Headshot courtesy of Brandon Van Asten, Bridge West CPAs, LLC

Based in Bridge West’s Minnesota office, Van Asten works with clients throughout the industry. “Dispensaries have the largest 280E liability since less of their activity relates to producing inventory. Cultivators and processors have more opportunity to reduce tax liability,” he says.

22. Maximize deductible costs under 280E. “Keep your [selling, general and administrative] expenses low—advertising, meals and entertainment, and travel,” Van Asten says. “None of those expenses are going to reduce the tax liability of a cultivator.”

23. Perform routine inventory counts. “Knowing your inventory at various points in the year and keeping high-quality inventory records is directly correlated to your tax,” Van Asten explains. He recommends monthly inventory counts, as well as annual counts, to keep records in line—and make sure your count agrees with state-mandated inventory tracking software.

24. Minimize year-end inventory to match demand. “When product is sitting in inventory and not flowing through COGS, you’re putting yourself at risk of a much higher tax liability,” Van Asten says. He recommends minimizing year-end inventory as much as possible to reduce your tax liability, yet still have enough to meet market demand.

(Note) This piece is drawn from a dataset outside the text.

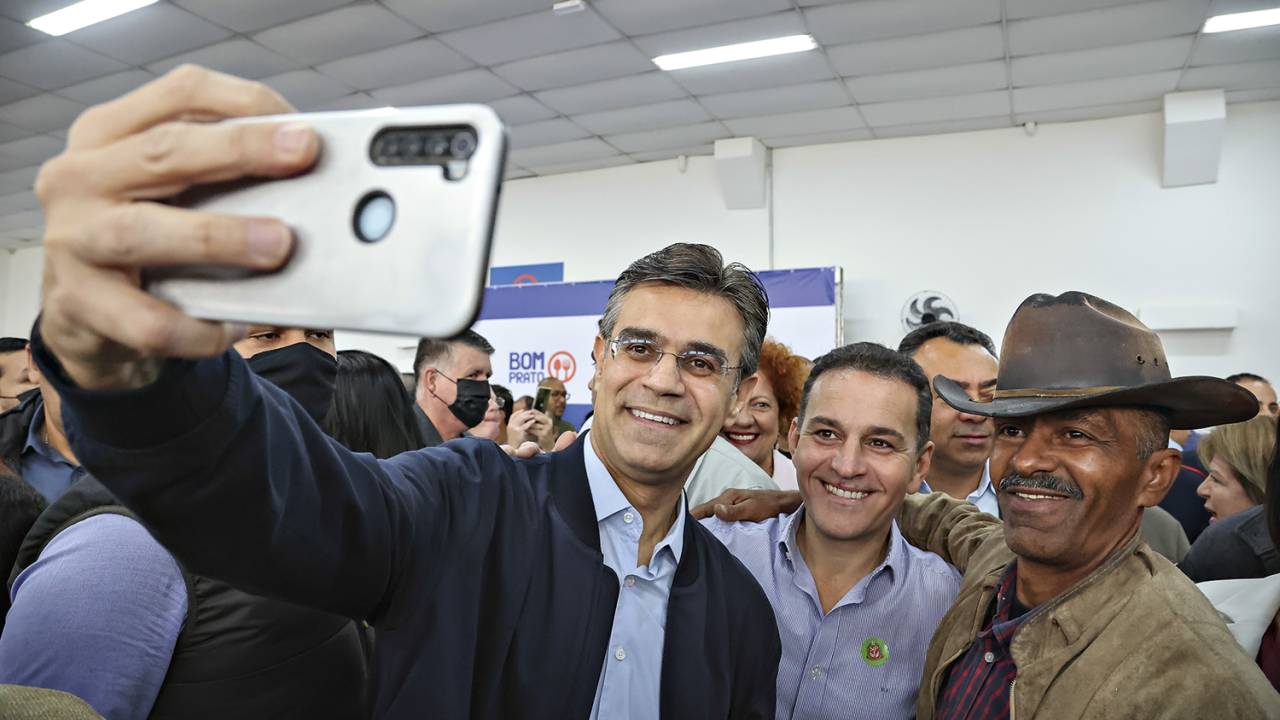 SALTO - Rodrigo Garcia: subida nas pesquisas e empate com Tarcísio de Freitas pelo segundo lugar na disputa ao governo de São Paulo -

25. Document employee activities in job descriptions. “Employees’ activities determine whether their labor is deductible (allocable to COGS) or non-deductible,” Van Asten explains. He recommends documenting labor for all the tasks in your operation and documenting activities in employee job descriptions to support the allocation of labor to deductible COGS.

26. Review your strategic floor plan. “Review the floor plan to identify opportunities to deduct rent and other related items under 280E,” Van Asten advises. Cushy offices and lounge areas are nice, but won’t help your tax. “Minimize any space not directly related to growing cannabis,” he says.